Yes, this game is hard. Maybe even harder than Dark Souls (for me it was). But please give this game a try. Its negative reviews make Fortune Summoners look underrated with most of its complaints being directed to the difficulty. Personally, I enjoyed all 35 hours of my first playthrough because there was that difficulty factor to it. Without it, this game would be a simple button masher hack and slash. In conclusion, I fully recommend you try this game out (there's even a demo!) as long as you're prepared to suffer a bit of your confidence to play video games. I'll repeat this statement the fifthteenth time in this review: this game will be an insta-drop if you don't challenge yourself to beat it.
Oh, and I recommend choosing the hard difficulty for maximum !!FUN!!.
As it's commonly experienced, Windows 8.1 is a piece of trash when it deals with literally every video game out there.
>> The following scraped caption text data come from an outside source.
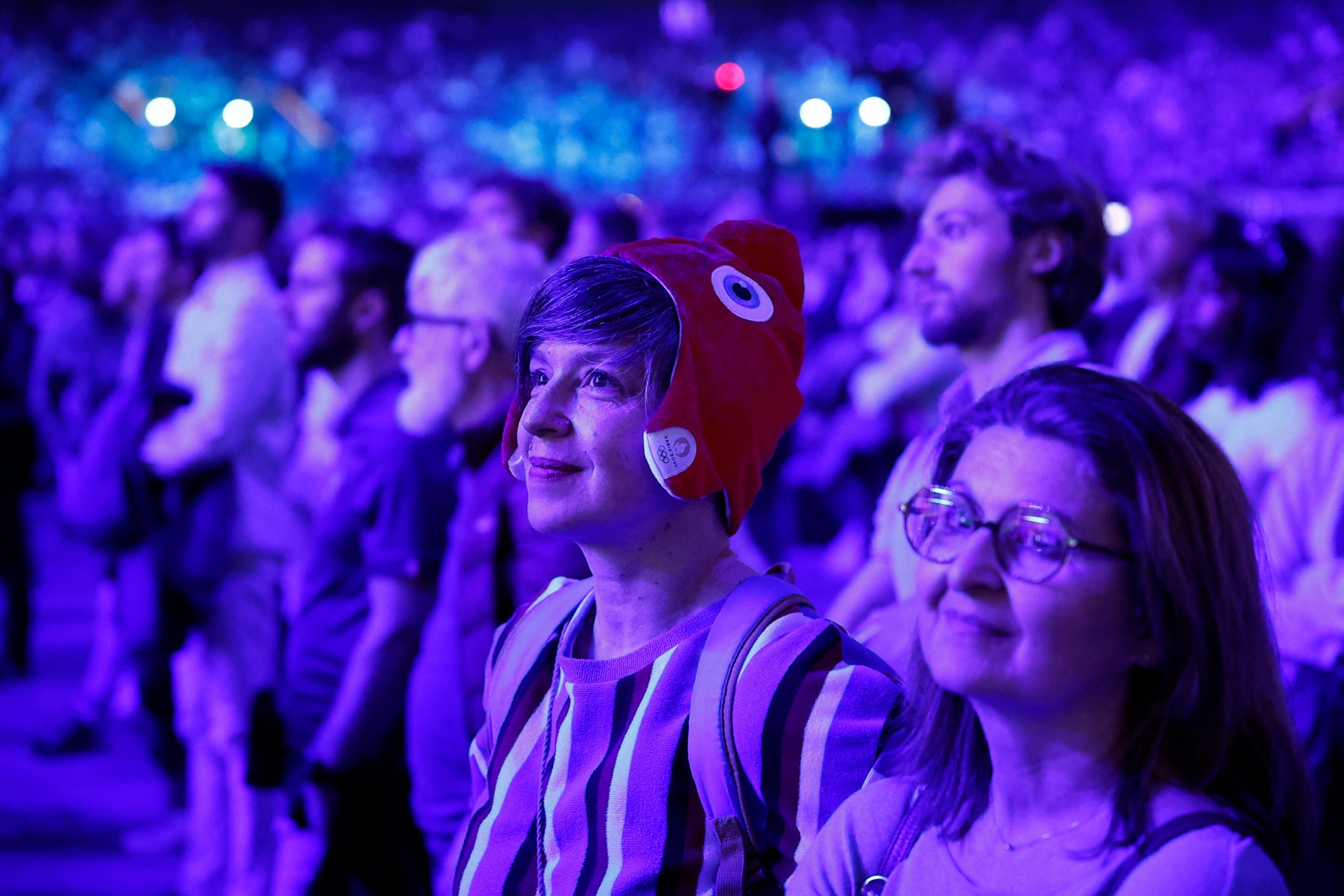 A participant wears a phrygian hat during the convention of volunteers for the Paris 2024 Olympic and Paralympic Games held at the Paris La Defense Arena in Nanterre.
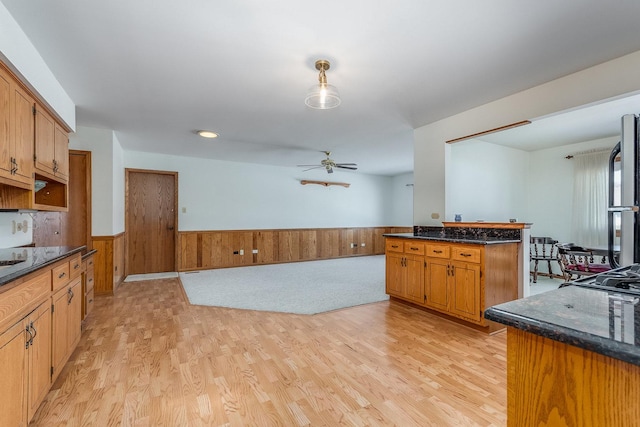 kitchen featuring brown cabinetry, dark stone counters, wainscoting, and light wood finished floors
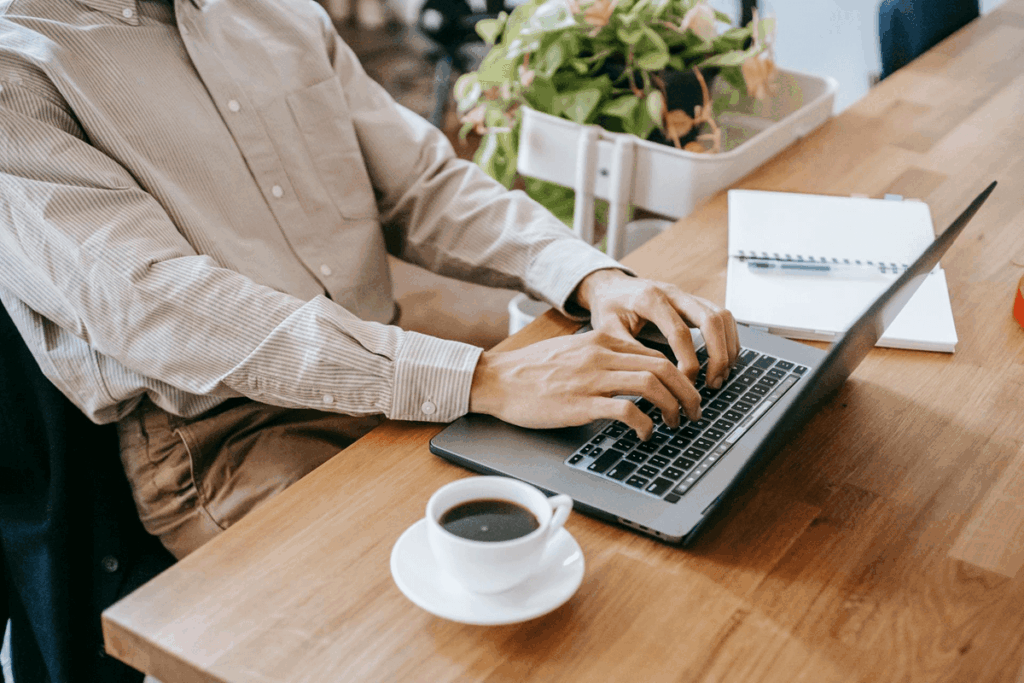 Een persoon zit aan een houten tafel te werken op een laptop, met een kop koffie en een notitieboekje naast zich.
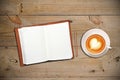 Open notebook with cup of coffee Royalty Free Stock Photo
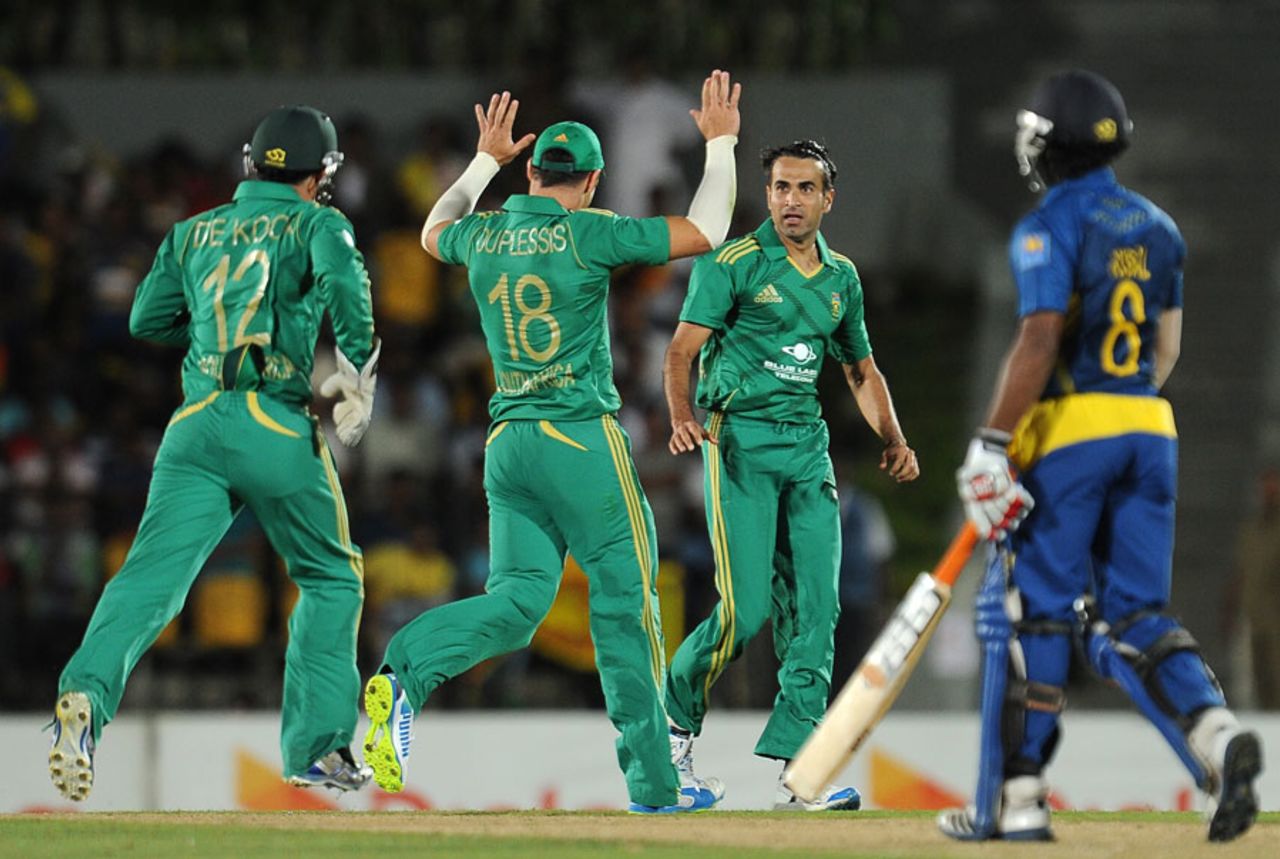 Imran Tahir is congratulated after picking up Kusal Perera's wicket, Sri Lanka v South Africa, 2nd T20I, Hambantota, August 4, 2013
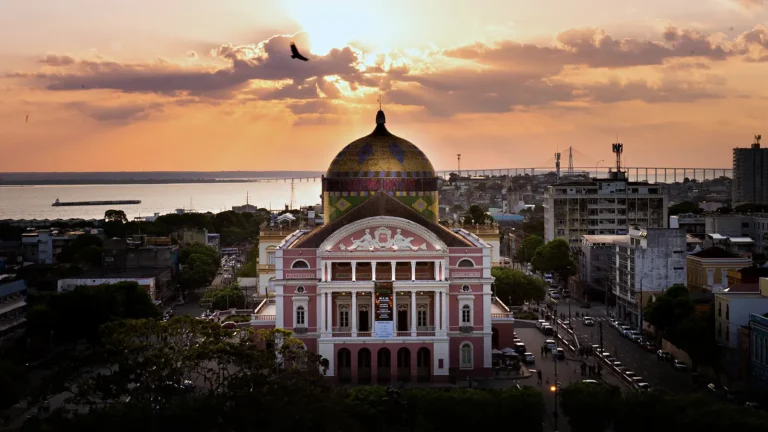 Teatro Amazonas visto do alto ao pôr do sol, com a fachada rosa, a cúpula colorida e o rio Negro com a ponte ao fundo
I had to download DXGL which supposedley fixes the DirectDraw issues with Windows 8 and list the executable for Fortune Summoners (sotes.exe) inside DXGL. It still runs (sadly) at around 40 frames per second normally although a game with "this" amount of graphics usually runs at 90 frames for me. I still recommend you make this game compatible for your computer (although it'll be a greater hassel than any other modern game out there) because it's well worth your effort. There's alot of content in this game that I haven't even explored although I've beaten the game, and it's a great challenge to those who look forward to it.